ACTION ITEM: Starting with the line that contains "Essential 250ml EC 2,8 Kalibrierlösung" and ending with the last line of the listing, print each line exactly. Pictures stay out.

INFORMATION:
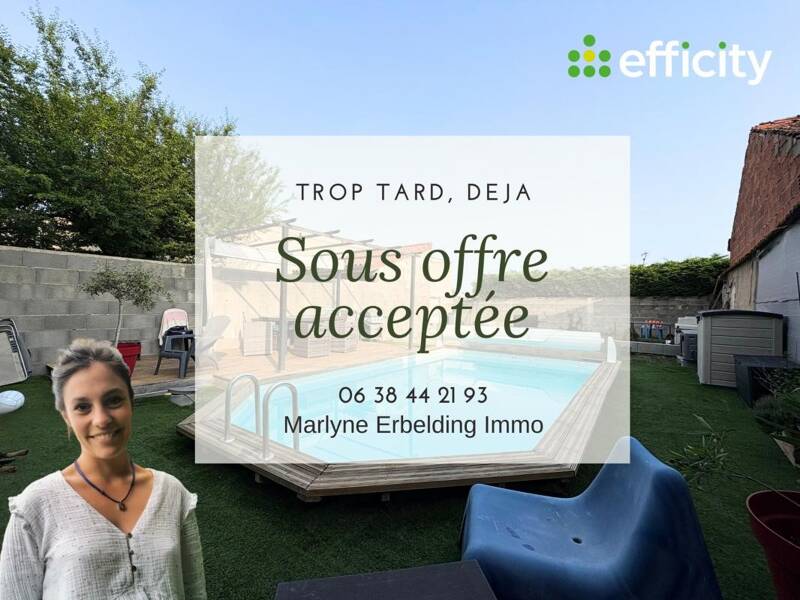 Maison à vendre, 121m², SURY LE COMTAL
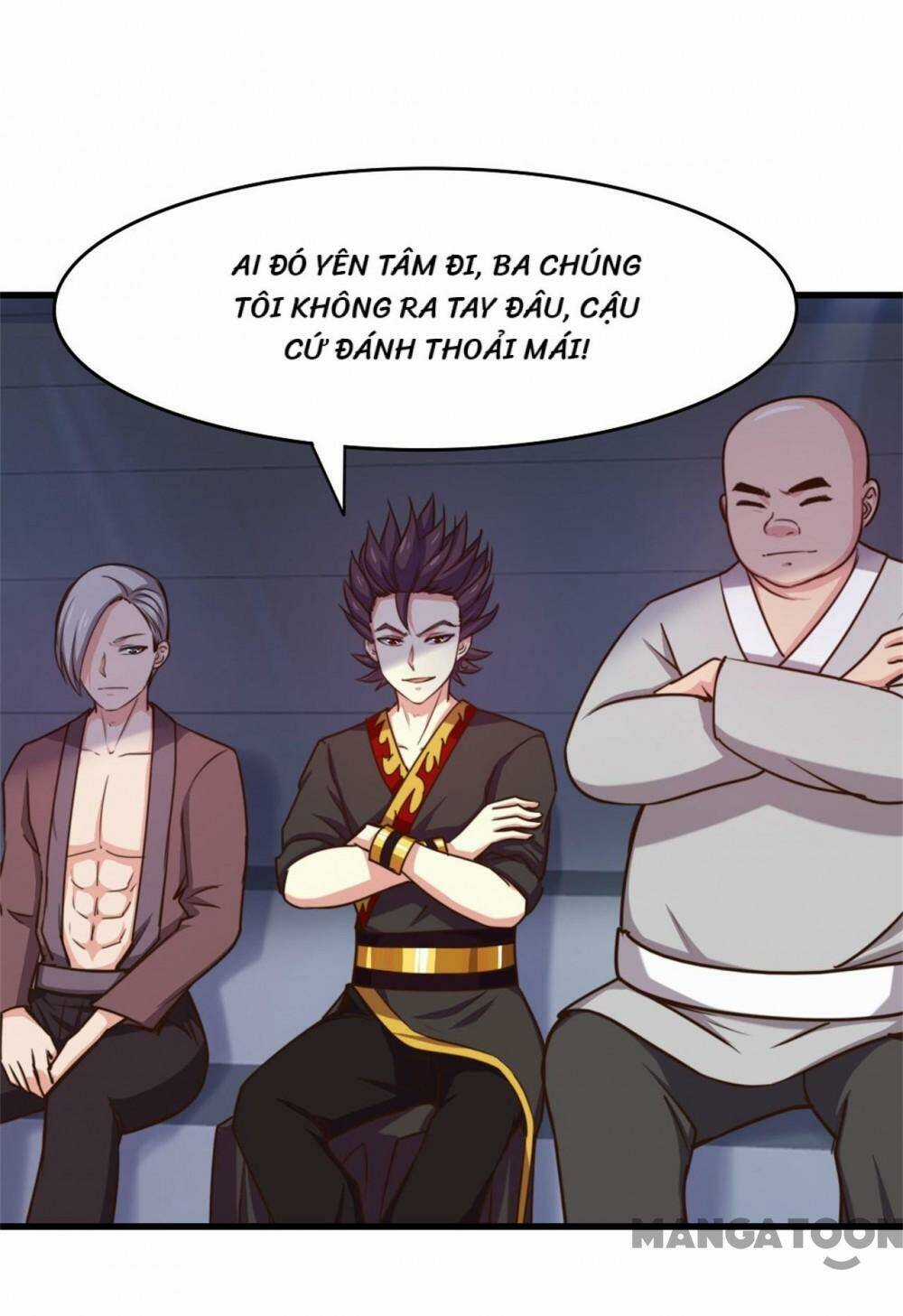 Tôi Và Cô Nàng Thuê Trọ Xinh Đẹp 26 Tuổi Chapter 248 trang 25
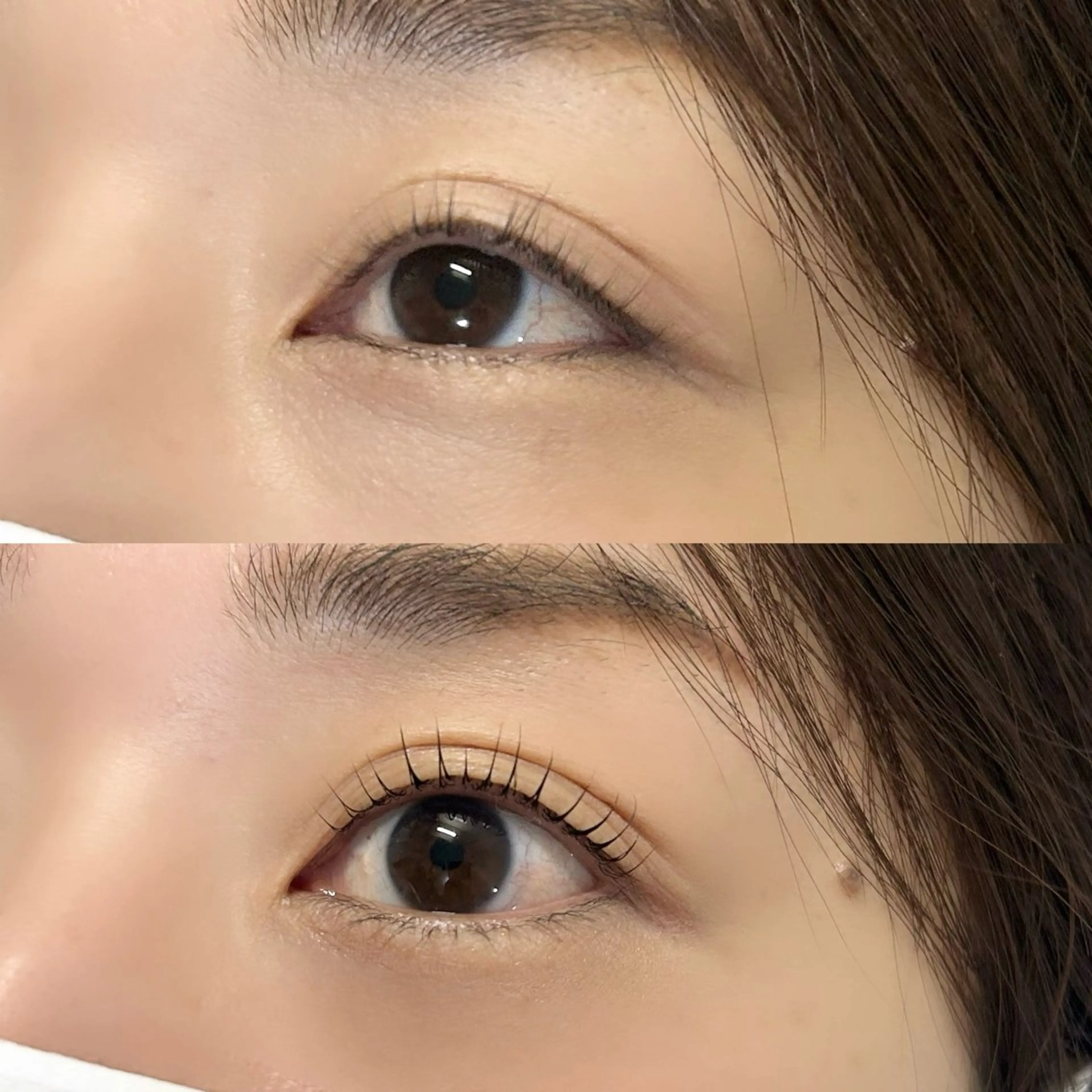 マツエク・マツパ マツパ 鈴木 理彩のマツエク・マツパデザイン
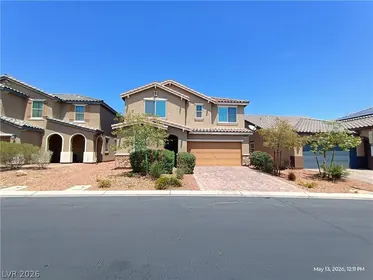 North Las Vegas NV Home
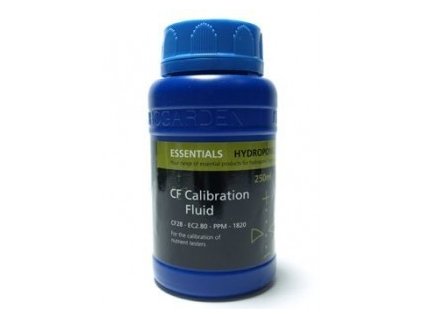 Essential 250ml EC 2,8 Kalibrierlösung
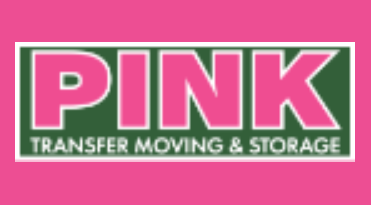 Pink Transfer Moving & Storage company logo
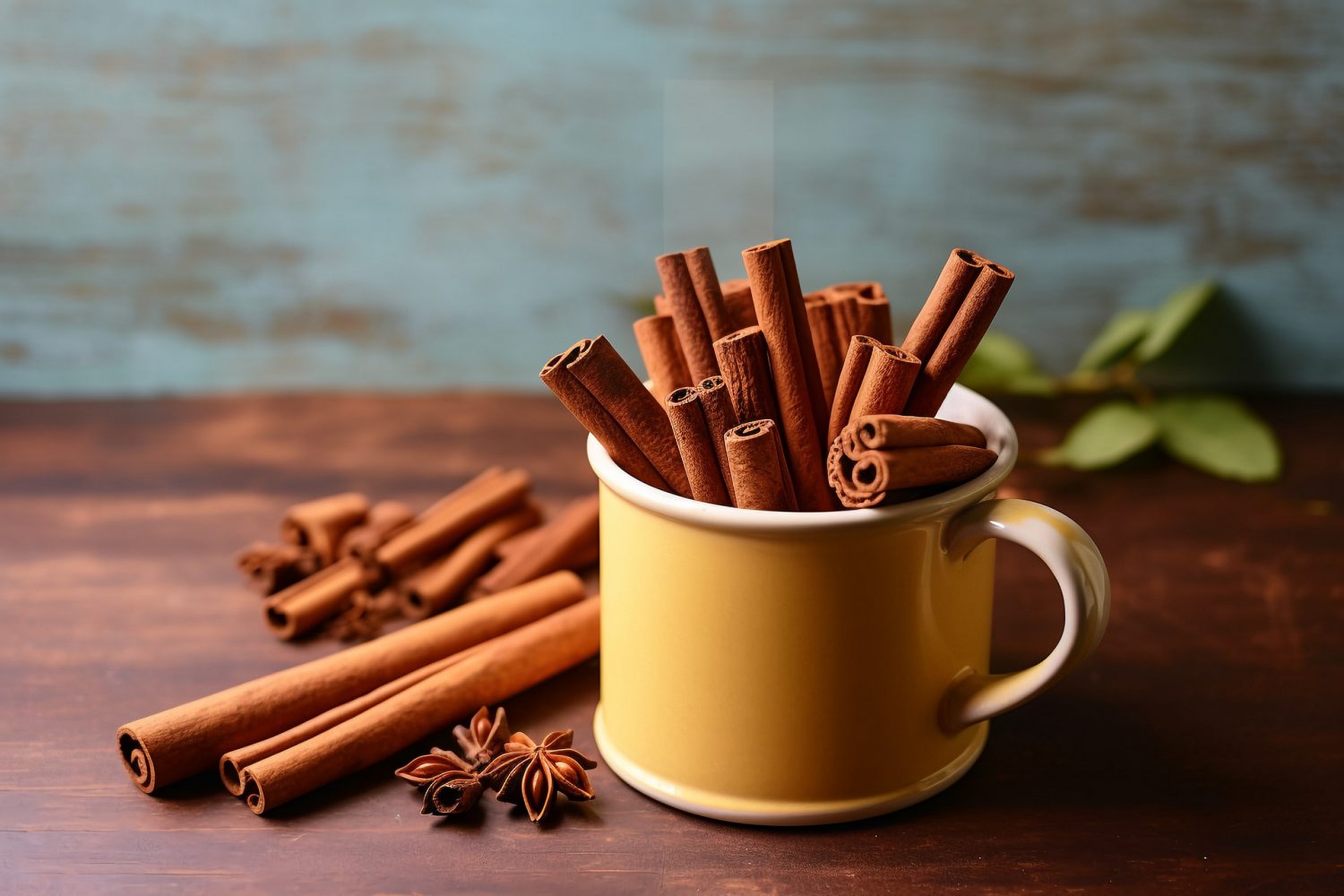 肉桂的背景和特性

YOUR SOLUTION:
 Essential 250ml EC 2,8 Kalibrierlösung
 Pink Transfer Moving & Storage company logo
 肉桂的背景和特性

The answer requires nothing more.